Blacks are steadily brilliant throughout the entire film. I didn't notice any crushing. Instead the shadows are well-delineated adding depth to the picture. Textures are extremely life-like, from the shiny plastic sheen of Matt's action figures to the pockmarked bald patch on Mavis' head where she unconsciously pulls out strands of hair. It's great that this presentation is so detailed, because it's imperative to Mavis' character that we see every flaw whether it be glaring or subtle.

Audio Review


I found the DTS-HD Master Audio 5.1 mix to be a bit wanting in the dialogue department. Since this movie is all dialogue I felt that the soft focus on it made for a slightly tough listening environment. I had to turn the movie's overall volume up quite a bit more than average. Before I did that I found myself straining to hear many of the words coming out of Mavis' mouth, since she mutters and mumbles just about every line she has.

The musical soundtrack, however, is given ample room to breathe. It fills each channel nicely, especially during the opening credits where Mavis listens to the same song over and over.

The film is really light on ambient sound, even at crowded parties.
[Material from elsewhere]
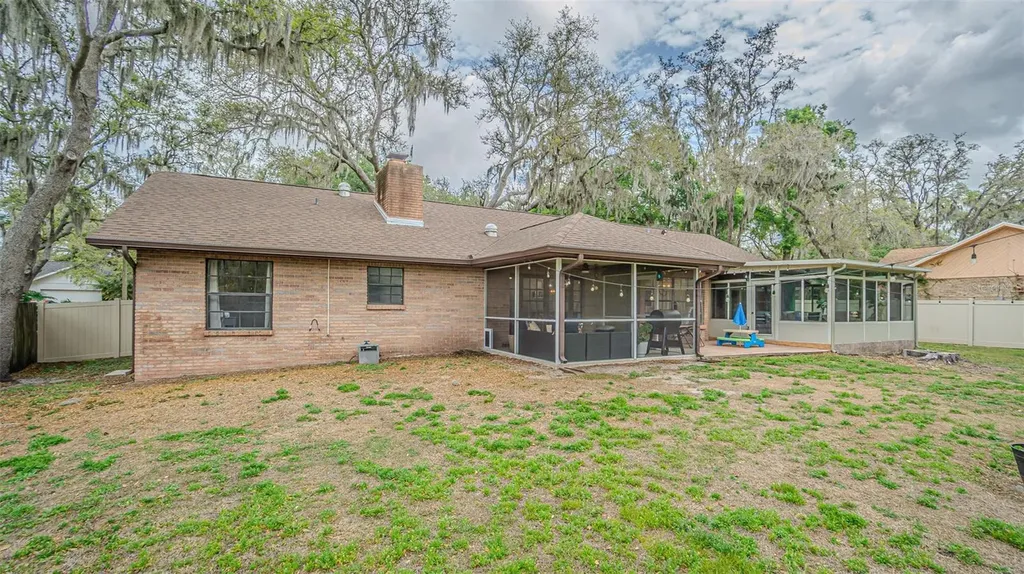 1107 Oakridge Manor Drive Brandon FL 33511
So there's little in the way of surround sound for much of the movie. This is an intimate film which usually consists of two or three people talking to each other. While that is the case I did find that the dialogue was a little too low for my liking, making it hard to hear without the volume turned up.

Special Features

  • Audio Commentary – Director Jason Reitman is joined by director of photography Eric Steelberg, and associate producer Jason A. Blumenfeld. I was hoping for a commentary with Diablo Cody and Charlize Theron. Since the movie is a character study it would've been nice to hear from the woman who created the character and the woman who played her. Alas, instead of getting a character-fueled commentary we instead get a more technical commentary from Reitman and his fellow filmmakers. They talk about shooting schedules and locales. Reitman provides a few anecdotes about the shoot and does try to discuss the deeper themes on display, but it never ventures into the territory that a Cody/Theron commentary might have.

  • Misery Loves Company: The Making of 'Young Adult' (HD, 17 min.) – The making-of is discussed through various cast and crew interviews as the principal people involved talk about the script, the peculiar characters and Cody's unique writing style.

  • The Awful Truth: Deconstructing a Scene (HD, 6 min.) – There is some dissection of what it takes to shoot a scene, but not enough. Most of the time is filled with talking heads discussing much of the same stuff that was discussed in the making-of featurette.

  • Q&A Featuring Janet Maslin and Jason Reitman (HD, 46 min.) – The Q&A takes place at the Jacob Burns Film Center in Pleasantville, New York. This is the most in-depth conversation that you're going to get about the movie and its themes. Much more character development is discussed here than in the commentary. If you want to know what really made the film tick then listen to this worthwhile Q&A.

  • Deleted Scenes (HD, 7 min.) – There are six deleted scenes in all. With all of them averaging just over a minute in length there's not really much substance to these deleted scenes.

Final Thoughts

This movie isn't for everyone. When we got done watching it my wife simply said, "I didn't like that movie." I can see why. The main character is an irredeemable mess. Although, I think I saw the movie more from Matt's point of view. As a casual observer looking in on a shattered life that most likely will never find solace. Just when you think that something will break through Mavis' demented head it doesn't. There's something to be said for the movie not kowtowing to the normal life-changing clichés that would assuredly happen in other films. While it's not for everyone, this one is still recommended, especially for those of you that like Reitman and Cody's work.